Teatro

Peça ‘O Pão e a Pedra’ relembra greve dos metalúrgicos do ABC

Campanha salarial, enfrentamento da polícia, a situação feminina na fábrica e a importância histórica das lutas dos trabalhadores são alguns temas do espetáculo que fica em cartaz até 3 de julho no Tusp

Lenise Pinheiro/Divulgação

Sérgio de Carvalho: ‘A peça é sobre os trabalhadores, suas expectativas diante das lideranças e suas dificuldades’

As diversas dificuldades dos trabalhadores metalúrgicos nas greves no ABC paulista no final dos anos 1970 são o tema da peça O Pão e a Pedra, da Companhia do Latão, que fica em cartaz de quinta a domingo até 3 de julho no Teatro da Universidade de São Paulo (Tusp).

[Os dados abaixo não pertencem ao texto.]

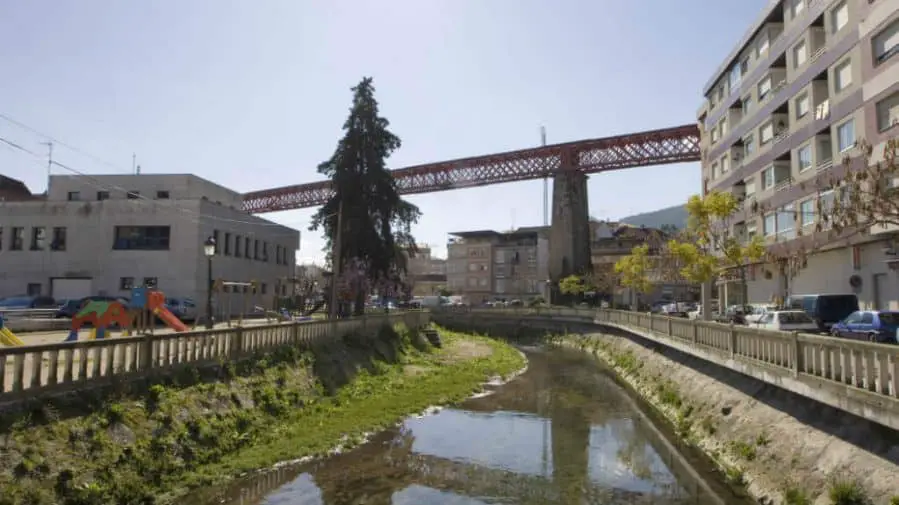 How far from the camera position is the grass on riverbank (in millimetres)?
9227

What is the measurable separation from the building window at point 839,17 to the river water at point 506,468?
22.6 metres

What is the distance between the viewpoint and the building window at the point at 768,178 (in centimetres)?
3882

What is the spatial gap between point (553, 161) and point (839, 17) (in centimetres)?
3968

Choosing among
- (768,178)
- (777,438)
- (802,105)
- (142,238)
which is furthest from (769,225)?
(142,238)

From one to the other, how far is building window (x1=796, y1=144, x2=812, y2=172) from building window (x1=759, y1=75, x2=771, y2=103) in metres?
6.60

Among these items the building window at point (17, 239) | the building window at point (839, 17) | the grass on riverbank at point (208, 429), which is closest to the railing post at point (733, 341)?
the grass on riverbank at point (208, 429)

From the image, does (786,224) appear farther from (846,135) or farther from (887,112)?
(887,112)

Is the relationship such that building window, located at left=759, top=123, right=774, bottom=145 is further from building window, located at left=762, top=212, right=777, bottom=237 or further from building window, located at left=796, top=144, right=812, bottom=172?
building window, located at left=762, top=212, right=777, bottom=237

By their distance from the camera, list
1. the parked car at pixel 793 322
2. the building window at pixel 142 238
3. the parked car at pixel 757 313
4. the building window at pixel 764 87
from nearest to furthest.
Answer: the parked car at pixel 793 322 < the parked car at pixel 757 313 < the building window at pixel 764 87 < the building window at pixel 142 238

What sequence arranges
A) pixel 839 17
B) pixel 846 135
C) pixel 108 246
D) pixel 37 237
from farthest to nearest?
pixel 37 237 → pixel 108 246 → pixel 839 17 → pixel 846 135

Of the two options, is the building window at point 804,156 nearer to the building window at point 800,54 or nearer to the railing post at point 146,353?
the building window at point 800,54

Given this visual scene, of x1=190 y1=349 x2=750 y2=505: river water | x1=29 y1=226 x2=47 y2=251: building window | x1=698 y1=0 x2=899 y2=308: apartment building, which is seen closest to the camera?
x1=190 y1=349 x2=750 y2=505: river water

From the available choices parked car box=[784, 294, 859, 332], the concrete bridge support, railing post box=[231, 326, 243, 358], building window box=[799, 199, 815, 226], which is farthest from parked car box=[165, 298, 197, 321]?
building window box=[799, 199, 815, 226]

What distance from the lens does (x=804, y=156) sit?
34.3 meters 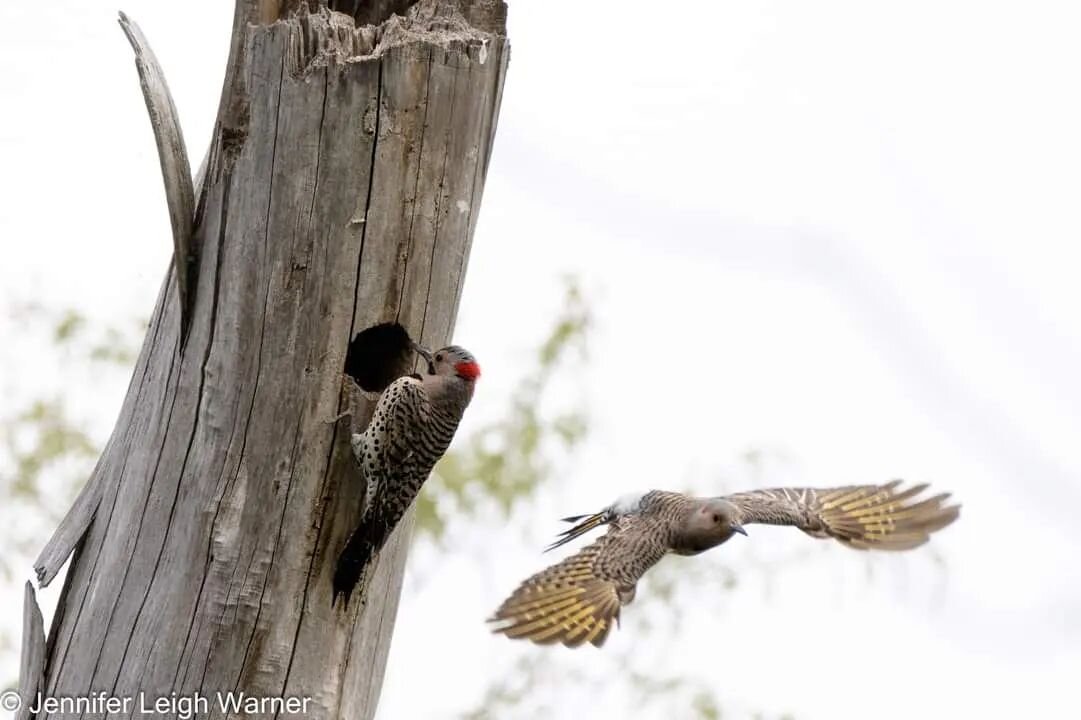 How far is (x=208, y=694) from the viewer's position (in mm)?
3631

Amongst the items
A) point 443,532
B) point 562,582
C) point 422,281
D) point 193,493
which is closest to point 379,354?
point 422,281

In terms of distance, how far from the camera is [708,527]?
4848 millimetres

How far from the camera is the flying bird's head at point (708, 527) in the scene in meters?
4.85

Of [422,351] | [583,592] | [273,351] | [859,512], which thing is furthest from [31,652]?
[859,512]

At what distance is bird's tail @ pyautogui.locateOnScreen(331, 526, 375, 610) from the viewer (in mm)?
3787

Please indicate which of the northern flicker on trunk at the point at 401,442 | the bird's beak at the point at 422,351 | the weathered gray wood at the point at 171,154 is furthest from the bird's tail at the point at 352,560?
the weathered gray wood at the point at 171,154

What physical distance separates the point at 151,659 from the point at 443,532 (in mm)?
3365

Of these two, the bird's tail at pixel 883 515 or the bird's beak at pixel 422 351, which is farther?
the bird's tail at pixel 883 515

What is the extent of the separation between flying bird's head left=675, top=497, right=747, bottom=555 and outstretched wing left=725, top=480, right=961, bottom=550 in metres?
0.22

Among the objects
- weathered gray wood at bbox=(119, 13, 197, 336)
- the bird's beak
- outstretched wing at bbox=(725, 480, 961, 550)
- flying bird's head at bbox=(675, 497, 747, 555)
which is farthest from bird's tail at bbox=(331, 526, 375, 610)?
outstretched wing at bbox=(725, 480, 961, 550)

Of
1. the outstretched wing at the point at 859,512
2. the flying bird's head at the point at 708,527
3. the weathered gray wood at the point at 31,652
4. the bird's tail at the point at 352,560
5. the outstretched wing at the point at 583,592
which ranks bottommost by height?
the weathered gray wood at the point at 31,652

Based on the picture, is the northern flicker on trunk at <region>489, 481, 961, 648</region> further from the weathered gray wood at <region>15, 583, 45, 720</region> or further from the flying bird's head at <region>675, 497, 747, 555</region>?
the weathered gray wood at <region>15, 583, 45, 720</region>

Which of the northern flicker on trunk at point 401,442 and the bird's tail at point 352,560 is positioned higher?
the northern flicker on trunk at point 401,442

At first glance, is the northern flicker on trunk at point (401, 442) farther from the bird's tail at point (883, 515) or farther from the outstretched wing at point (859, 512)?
the bird's tail at point (883, 515) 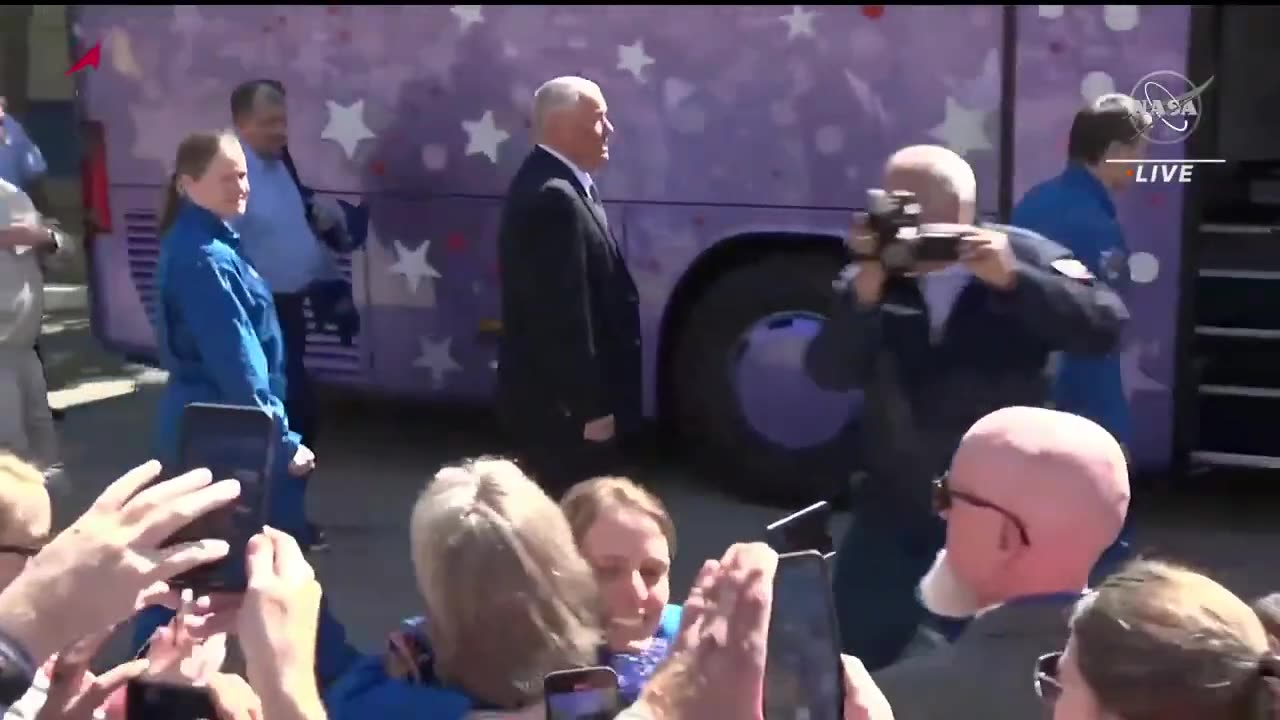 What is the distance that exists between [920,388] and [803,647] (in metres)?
1.64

O espetáculo gira em torno do caso de uma mulher operária que se disfarça de homem para melhorar de vida, questionando a situação feminina num ambiente fabril e também traz à tona histórias de aprendizados políticos e de luta pela sobrevivência durante a greve de 1979.

Com direção, concepção e roteiro final de Sérgio de Carvalho, a encenação mistura elementos realistas, fantásticos e documentais. O texto resgata a prática política de uma greve histórica, cujas assembleias reuniam mais de 70 mil trabalhadores no Estádio da Vila Euclides, em São Bernardo do Campo, com as expectativas ideológicas de três grupos envolvidos: o novo sindicalismo, a igreja progressista e o movimento estudantil de esquerda.

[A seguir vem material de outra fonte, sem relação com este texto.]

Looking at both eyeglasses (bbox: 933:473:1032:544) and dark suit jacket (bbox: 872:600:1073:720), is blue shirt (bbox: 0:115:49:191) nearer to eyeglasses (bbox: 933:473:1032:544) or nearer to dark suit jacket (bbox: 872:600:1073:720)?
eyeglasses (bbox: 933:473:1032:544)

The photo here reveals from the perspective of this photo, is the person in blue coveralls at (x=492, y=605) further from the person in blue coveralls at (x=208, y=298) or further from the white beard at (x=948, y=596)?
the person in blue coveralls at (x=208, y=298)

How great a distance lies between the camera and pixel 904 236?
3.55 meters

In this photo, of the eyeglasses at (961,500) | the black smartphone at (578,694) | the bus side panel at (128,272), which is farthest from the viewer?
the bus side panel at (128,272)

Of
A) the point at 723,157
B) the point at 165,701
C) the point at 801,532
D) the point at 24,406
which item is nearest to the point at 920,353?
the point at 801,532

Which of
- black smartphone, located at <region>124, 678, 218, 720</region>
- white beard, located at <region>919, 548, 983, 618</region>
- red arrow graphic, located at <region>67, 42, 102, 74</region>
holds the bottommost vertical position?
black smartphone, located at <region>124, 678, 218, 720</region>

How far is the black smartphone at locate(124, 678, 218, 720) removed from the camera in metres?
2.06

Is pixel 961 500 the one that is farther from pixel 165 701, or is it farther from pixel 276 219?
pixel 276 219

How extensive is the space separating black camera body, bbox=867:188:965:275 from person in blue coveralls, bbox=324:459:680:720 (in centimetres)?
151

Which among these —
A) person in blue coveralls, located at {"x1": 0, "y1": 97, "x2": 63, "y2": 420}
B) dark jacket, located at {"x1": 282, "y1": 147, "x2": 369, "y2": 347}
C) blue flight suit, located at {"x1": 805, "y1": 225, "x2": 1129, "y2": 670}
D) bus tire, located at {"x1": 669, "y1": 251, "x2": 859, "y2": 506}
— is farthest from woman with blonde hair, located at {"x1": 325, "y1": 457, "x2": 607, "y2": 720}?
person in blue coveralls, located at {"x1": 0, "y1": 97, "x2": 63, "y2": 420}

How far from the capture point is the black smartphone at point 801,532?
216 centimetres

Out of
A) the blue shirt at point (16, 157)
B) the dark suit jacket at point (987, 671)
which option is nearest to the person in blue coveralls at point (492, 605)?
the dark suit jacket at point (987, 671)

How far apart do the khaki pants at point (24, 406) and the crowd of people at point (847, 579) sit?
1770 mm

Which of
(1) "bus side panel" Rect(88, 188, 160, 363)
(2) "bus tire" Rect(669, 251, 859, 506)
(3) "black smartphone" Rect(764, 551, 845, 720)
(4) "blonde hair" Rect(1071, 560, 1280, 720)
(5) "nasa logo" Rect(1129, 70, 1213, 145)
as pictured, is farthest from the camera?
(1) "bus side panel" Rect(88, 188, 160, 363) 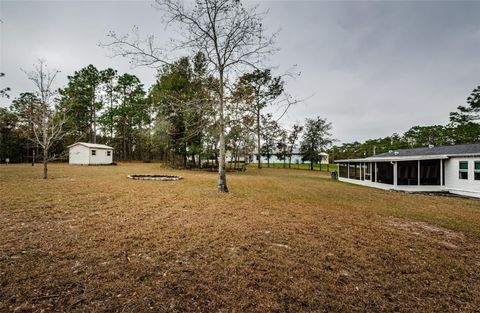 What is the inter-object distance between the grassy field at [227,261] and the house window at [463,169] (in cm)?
944

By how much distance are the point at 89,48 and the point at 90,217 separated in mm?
11048

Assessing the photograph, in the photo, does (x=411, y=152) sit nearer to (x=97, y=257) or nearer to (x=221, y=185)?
(x=221, y=185)

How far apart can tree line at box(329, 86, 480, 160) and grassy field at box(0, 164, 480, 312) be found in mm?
24787

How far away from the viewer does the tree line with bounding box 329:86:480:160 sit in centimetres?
2378

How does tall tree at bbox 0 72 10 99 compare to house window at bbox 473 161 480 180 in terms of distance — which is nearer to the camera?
tall tree at bbox 0 72 10 99

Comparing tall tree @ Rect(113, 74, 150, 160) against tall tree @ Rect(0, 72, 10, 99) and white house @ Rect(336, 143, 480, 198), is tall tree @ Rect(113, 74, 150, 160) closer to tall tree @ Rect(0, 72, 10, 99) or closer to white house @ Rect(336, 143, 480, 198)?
tall tree @ Rect(0, 72, 10, 99)

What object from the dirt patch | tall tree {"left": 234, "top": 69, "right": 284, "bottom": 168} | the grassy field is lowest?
the dirt patch

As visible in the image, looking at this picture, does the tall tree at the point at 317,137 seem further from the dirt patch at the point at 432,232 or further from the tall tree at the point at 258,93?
the dirt patch at the point at 432,232

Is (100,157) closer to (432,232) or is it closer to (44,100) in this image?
(44,100)

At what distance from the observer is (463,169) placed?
1293 centimetres

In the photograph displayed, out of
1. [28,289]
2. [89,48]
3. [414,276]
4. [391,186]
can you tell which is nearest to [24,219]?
[28,289]

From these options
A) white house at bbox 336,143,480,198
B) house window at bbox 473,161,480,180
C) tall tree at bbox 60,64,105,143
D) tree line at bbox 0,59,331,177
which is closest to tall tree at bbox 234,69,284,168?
tree line at bbox 0,59,331,177

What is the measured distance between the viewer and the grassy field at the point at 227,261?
2.35 metres

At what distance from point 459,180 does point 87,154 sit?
36.6m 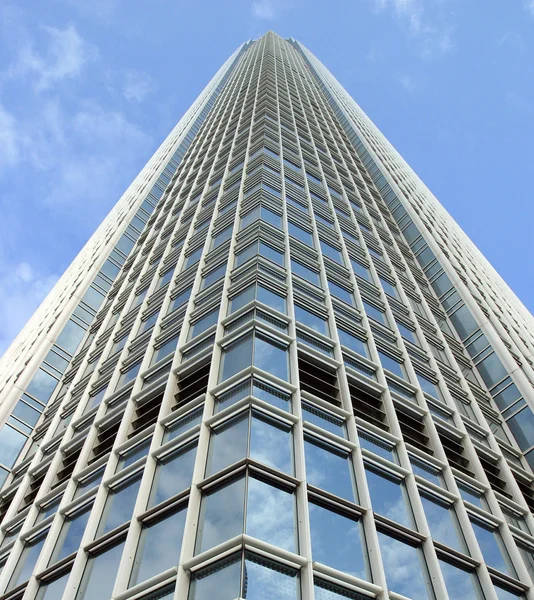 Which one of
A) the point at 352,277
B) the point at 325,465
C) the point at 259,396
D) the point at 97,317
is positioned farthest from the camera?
the point at 97,317

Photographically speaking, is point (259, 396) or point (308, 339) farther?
point (308, 339)

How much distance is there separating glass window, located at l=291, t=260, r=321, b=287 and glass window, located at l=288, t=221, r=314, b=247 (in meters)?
2.95

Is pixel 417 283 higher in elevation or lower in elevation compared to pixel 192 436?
higher

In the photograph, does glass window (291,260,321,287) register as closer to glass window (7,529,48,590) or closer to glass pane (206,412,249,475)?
glass pane (206,412,249,475)

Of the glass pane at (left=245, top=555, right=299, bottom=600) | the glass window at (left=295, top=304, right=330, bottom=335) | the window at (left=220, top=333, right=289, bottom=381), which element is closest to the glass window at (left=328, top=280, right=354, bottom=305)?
the glass window at (left=295, top=304, right=330, bottom=335)

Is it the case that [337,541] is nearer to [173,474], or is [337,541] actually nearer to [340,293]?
[173,474]

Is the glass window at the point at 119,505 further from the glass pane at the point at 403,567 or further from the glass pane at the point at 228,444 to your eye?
the glass pane at the point at 403,567

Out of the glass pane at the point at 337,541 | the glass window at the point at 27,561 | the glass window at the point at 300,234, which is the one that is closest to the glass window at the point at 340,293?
the glass window at the point at 300,234

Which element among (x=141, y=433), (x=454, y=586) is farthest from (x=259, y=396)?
(x=454, y=586)

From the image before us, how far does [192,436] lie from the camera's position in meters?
16.8

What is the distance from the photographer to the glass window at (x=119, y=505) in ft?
51.6

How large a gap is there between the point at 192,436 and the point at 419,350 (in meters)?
13.0

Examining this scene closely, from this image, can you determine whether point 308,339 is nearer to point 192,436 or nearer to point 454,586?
point 192,436

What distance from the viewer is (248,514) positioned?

“As personagens são ficcionais, todas inventadas, apesar de a nossa Joana Paixão, a mulher que se traveste, ter seu nome inspirado numa operária real. De modo geral, as personagens correspondem a trajetórias que existiram: a do estudante que se integra à fábrica para politizar os peões, a do operário veterano, a do padre comunista. Mas Joana Paixão, que se torna João Batista para ganhar dinheiro, furar a greve e subir na escala produtiva, paga uma conta pessoal cara por essa decisão. Ela foi criada como uma metáfora, com licença poética porque, na verdade, não havia em 1979 tanta participação feminina nas linhas de montagem e assembleias, mas sua trajetória acabou por gerar uma das imagens mais atuais da peça”, declara o diretor.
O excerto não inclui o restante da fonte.